Case ID: tex-civ-app_21/html/0072-01.html
Source: Caselaw Access Project
Author: {"author": "RAINEY, Associate Justice.", "license": "Public Domain", "url": "https://static.case.law/"}
Date Created: 2024-08-24T03:29:51.129683

M. M. Miller et al. v. V. F. Anders et al.
    Decided March 25, 1899.
    1. Administrator’s Sale — Deed Never Delivered.
    Where a sale of land by an administrator was confirmed, but he declined to deliver a deed because of the purchaser’s refusal to excute a mortgage to secure his note given for the purchase money, and afterwards, by agreement, the administrator recovered judgment against the purchaser on the note, with foreclosure of a vendor's lien on the land and had the land sold thereunder, this operated to divest the estate of the title to the land, and the purchaser became entitled to the deed.
    
      2. Same — Superior Title Mot Left in the Estate.
    Where an administrator sold land on credit but did not deliver the deed because the executor refused to execute a mortgage back to secure his note, and the administrator then sued on the note and obtained judgment for its amount with foreclosure of a vendor’s lien under which it was sold for a part of the judgment debt, the heirs of the estate could not assert against subsequent vendees of the purchaser that the superior title to the land had never been divested out of the estate.
    3. Same — Limitations.
    A claim to subject land sold at an administrator’s sale to the payment of a balance of the purchase money is barred by the lapse of nearly eighteen years from the rendition of a judgment against the purchaser on a note executed for the purchase price, and of thirteen years after the discharge of the administrator, with no action taken in the meantime to keep the judgment in force, although the purchaser’s vendee, who assumed the payment of the purchase money, resided out of the State, where such an assumption by him was not accepted by the administrator nor the heirs.
    Error from Hill. Tried below before Hon. J. M. Hall.
    
      Gano, Gano & Gano, for plaintiffs in error.
    
      McKinnon & Carlton, for defendants in error.
   RAINEY, Associate Justice.

This is an action -of trespass to try title brought by Mrs. V. F. Anders, who was joined by her husband H. B. Anders, against G. W. Spalding and D. S. Hamilton,-to recover 80 acres of land patented to M. M. Miller, assignee of Wm. Stull. Appellants, who were the heirs of M. M. Miller, intervened, claiming a superior title to the land, and in the alternative to foreclose a judgment lien for the purchase money. The defendant pleaded the general issue, pleas of limitations of three, five, and ten years, and suggestion of valuable improvements. In reply to the plea of intervention, plaintiffs pleaded that W. T. Horment, a former husband of Mrs. Anders, is dead; that it is not shown there was any administration on his estate, and that the claim, which is the basis -of the interveners’ demand, was never presented to the administrator of Horment, nor in any way rejected by his administrator or executor, nor in any way attempted to be foreclosed in the probate court, and that this court is without jurisdiction to determine the matters and things set up in the plea of intervention. And further pleaded general denial and statute of limitations of two, four, and ten years, and that in the sale of the land by the administrator to Kendall, through whom Mrs. Anders claims title, no express lien was reserved; and further, that the lien sought to be foreclosed by interveners in the alternative was barred by the ten- years statute -of limitations. The plaintiffs recovered judgment against all the parties, and interveners appeal. The only controversy here is between plaintiffs and interveners.

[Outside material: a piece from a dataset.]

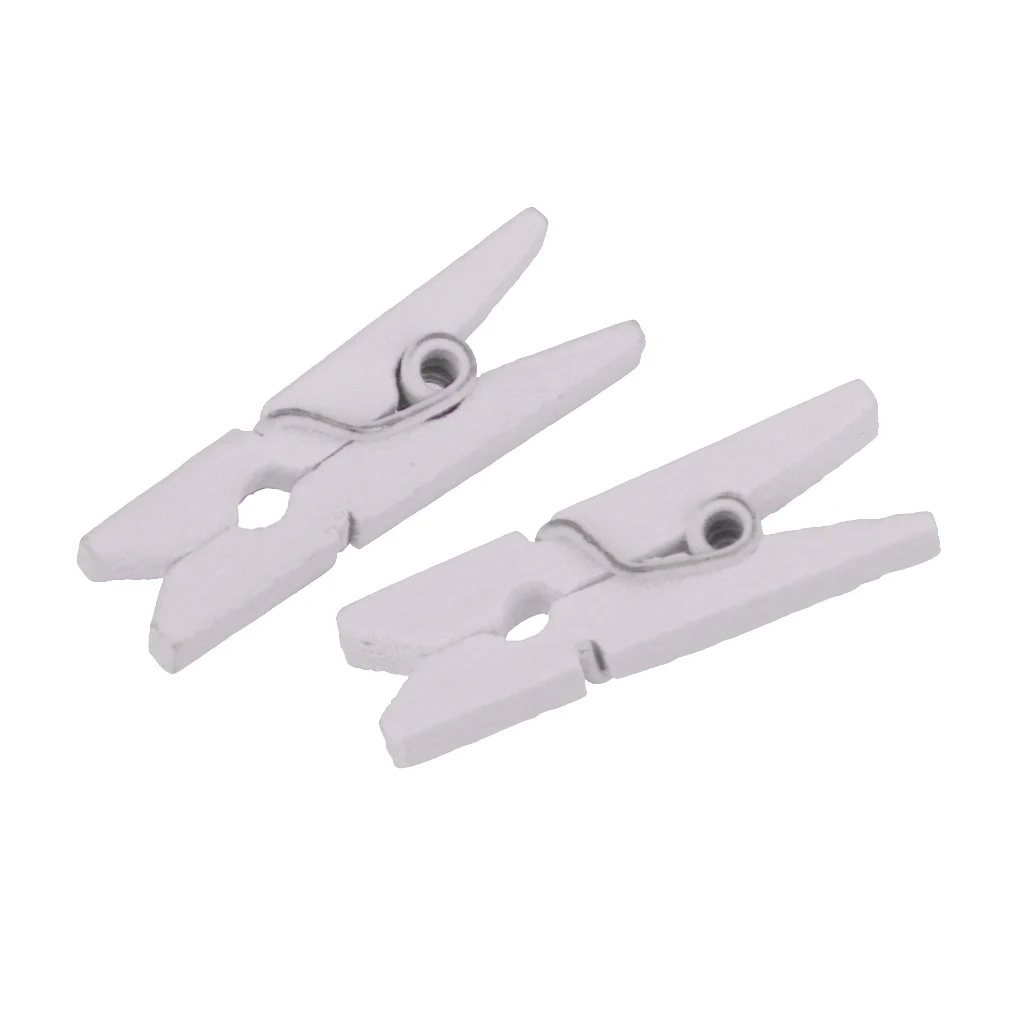 50 Mini Wooden Craft Pegs Clothespin Paper Photo Clothes Clips for Scrapbooking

Conclusions of Fact. — Ooombes, the administrator of the estate of M. M. Miller, obtained from the probate court of Dallas County, where said administration was pending, permission t,o sell certain lands belonging to said estate, which included the tract in controversy and two tracts situated in Ellis County. The sale was made and said three tracts were bid in by Kendall for the sum of $374.10, for which he executed to said Coombes his note with two sureties. This sale was reported to the probate court by the administrator and confirmed by said court. Said Coombes, administrator, executed a deed to said Kendall, but the same was not delivered at that time, because Kendall refused to execute a mortgage. Subsequently, said administrator brought suit against Kendall and his sureties on said note, and on June 2, 1873, recovered judgment for $489.38, with stay of execution until August 1, 1873. Subsequently, in 1876, by agreement the cause was redocketed and said administrator recovered judgment against said Kendall alone for said purchase money and foreclosing the lien on said land, a dismissal having been had as to the sureties, they being insolvent. That an order of sale issued on the last judgment against Kendall to Ellis County, under which the two tracts of land situated in Ellis County were sold for the sum of $187.10, this amount being all that was received by said administrator on the purchase price of said lands. There is no positive testimony that the deed executed by Ooombes, as administrator, to Ellis County was ever delivered. Coombes, by deposition, testified on this point that he made a deed to said Kendall but did not know where the deed was; that he kept it in his possession until judgment was rendered in 1876 against Kendall.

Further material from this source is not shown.